Given data:
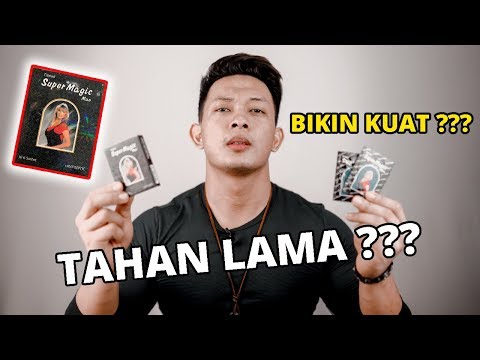 PERTAMA KALI COBA TISSUE MAGIC !!! GIMANA RASANYA ???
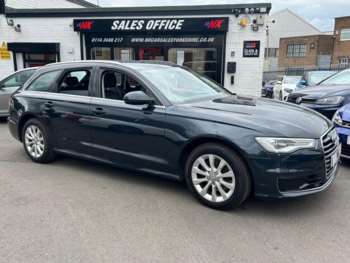 Used Audi A6 Avant 2016 for sale - 74954103: Photo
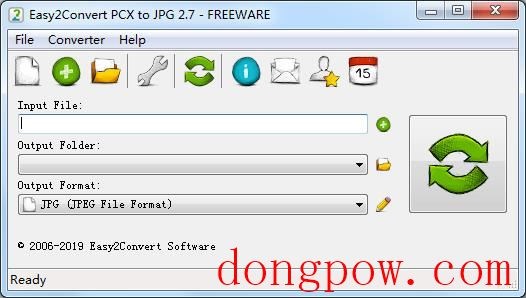 Easy2Convert PCX to JPG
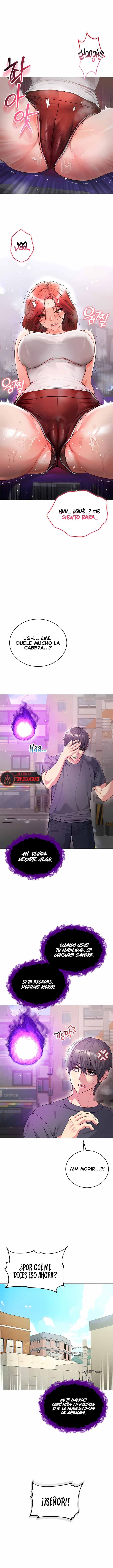 Soy un vampiro Capítulo 7 - Página 12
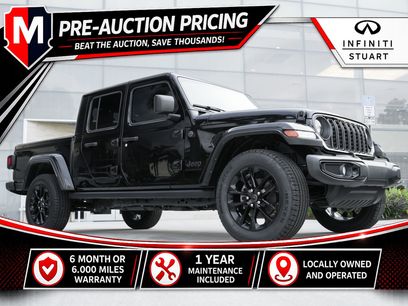 Used 2024 Jeep Gladiator Sport
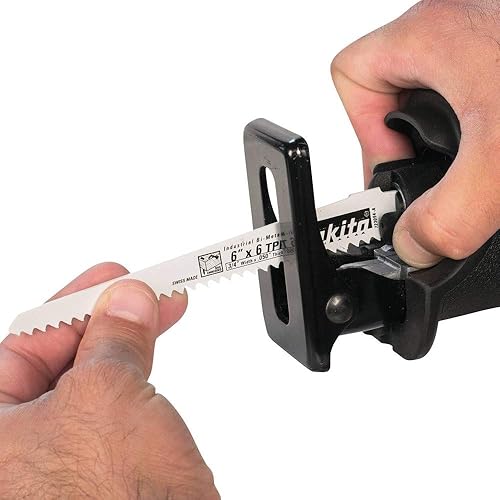 Miniatura 6 de Makita XT328M 18V LXT - Kit combinado inalámbrico de iones de litio sin escobillas de 3 piezas (4.0Ah) con multiherramienta inalámbrica XMT03Z 18V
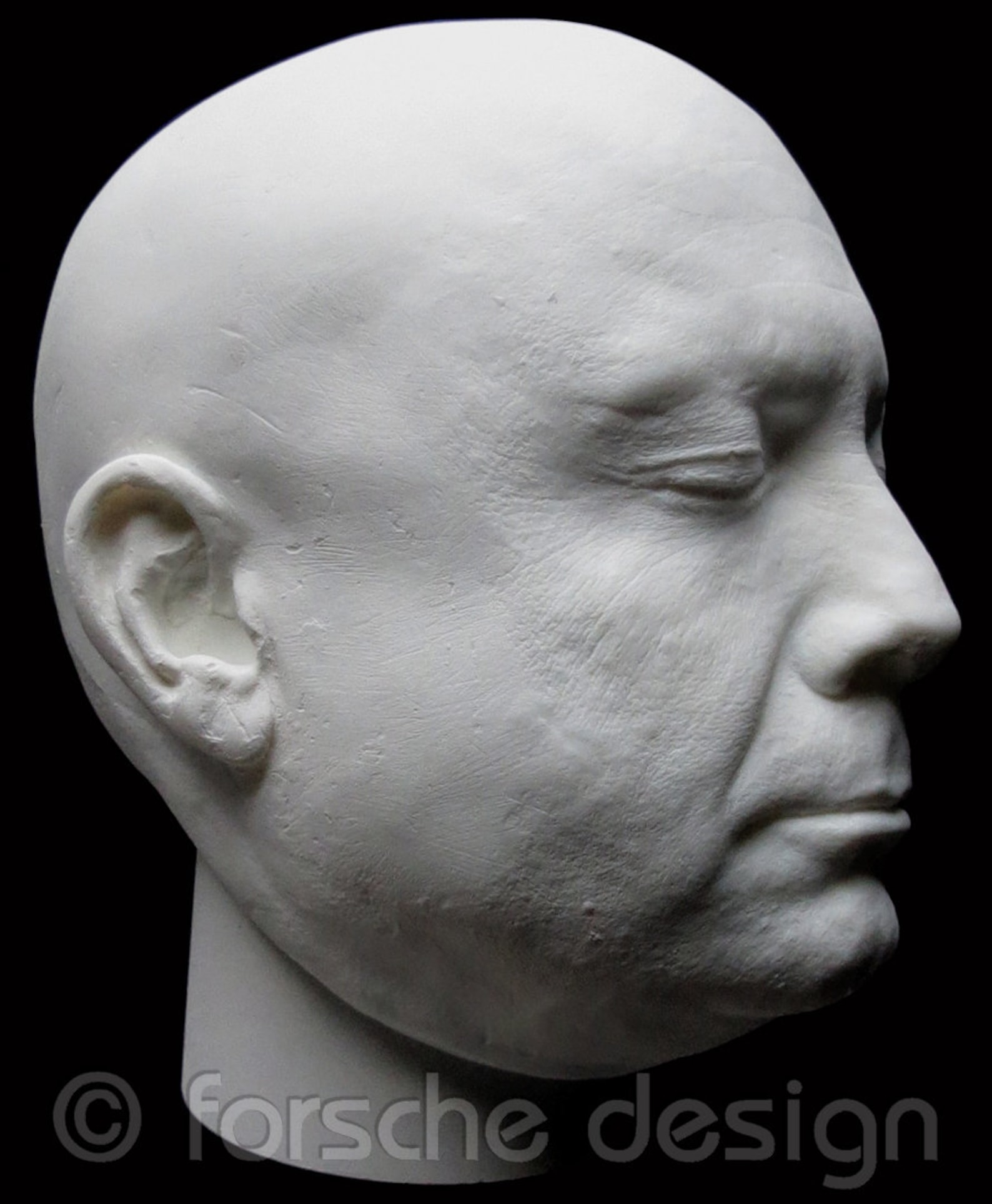 Danny Devito Full Head Life Mask Bust Batman Returns Oswald | Etsy
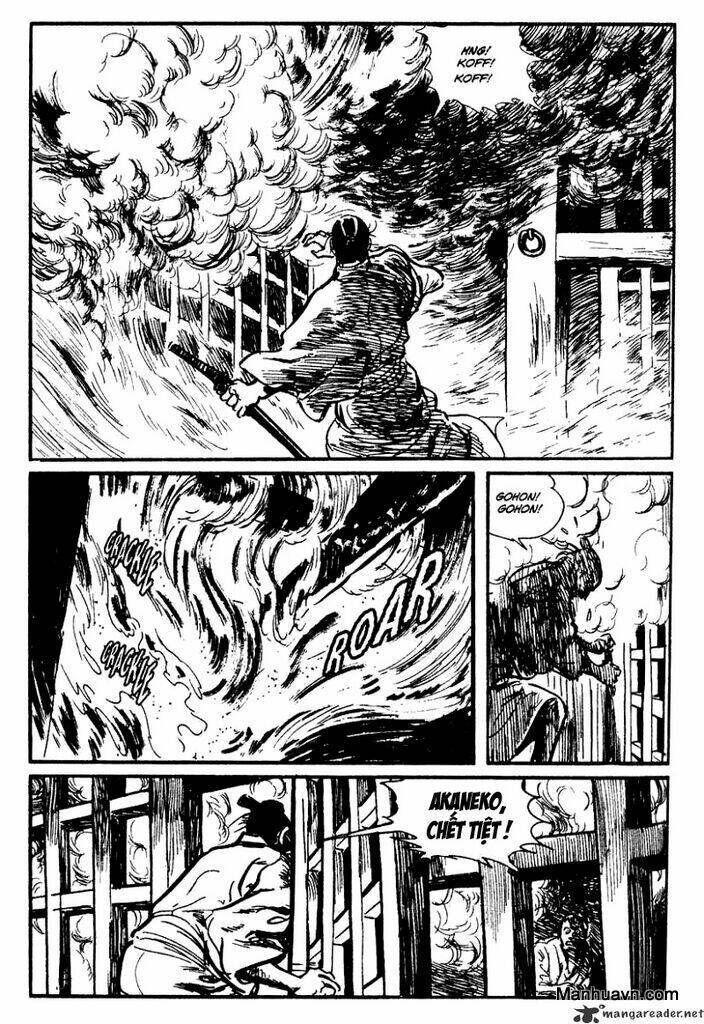 Lone Wolf And Cub Chapter 10 - Next Chapter 11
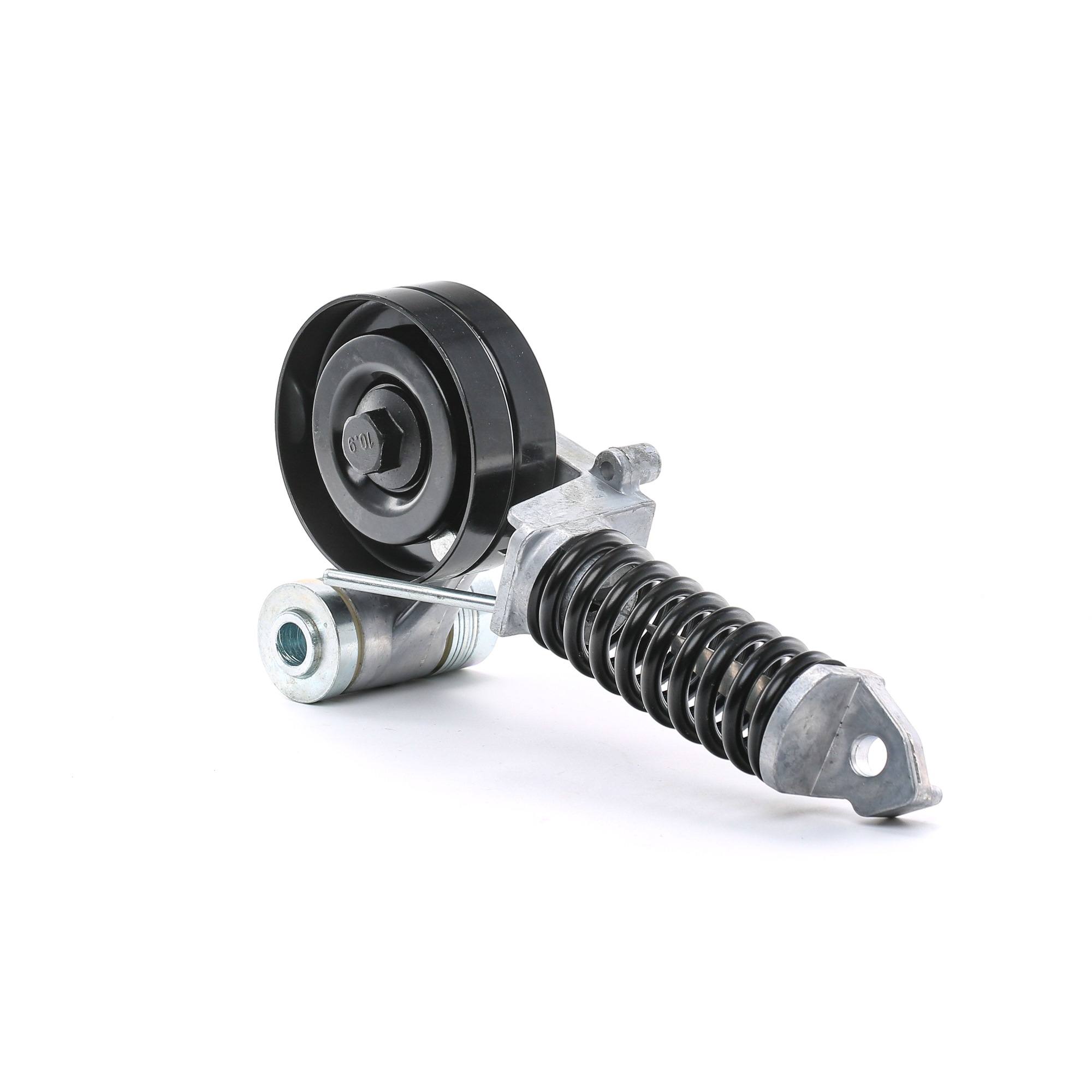 MAXGEAR Galet Tendeur 54-0828 Tendeur De Courroie,Tendeur de courroie, courroie trapézoïdale à nervu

Work order: Full transcription of the material, exact in every line, without images.

Result:
 PERTAMA KALI COBA TISSUE MAGIC !!! GIMANA RASANYA ???
 Used Audi A6 Avant 2016 for sale - 74954103: Photo
 Easy2Convert PCX to JPG
 Soy un vampiro Capítulo 7 - Página 12
 Used 2024 Jeep Gladiator Sport
 Miniatura 6 de Makita XT328M 18V LXT - Kit combinado inalámbrico de iones de litio sin escobillas de 3 piezas (4.0Ah) con multiherramienta inalámbrica XMT03Z 18V
 Danny Devito Full Head Life Mask Bust Batman Returns Oswald | Etsy
 Lone Wolf And Cub Chapter 10 - Next Chapter 11
 MAXGEAR Galet Tendeur 54-0828 Tendeur De Courroie,Tendeur de courroie, courroie trapézoïdale à nervu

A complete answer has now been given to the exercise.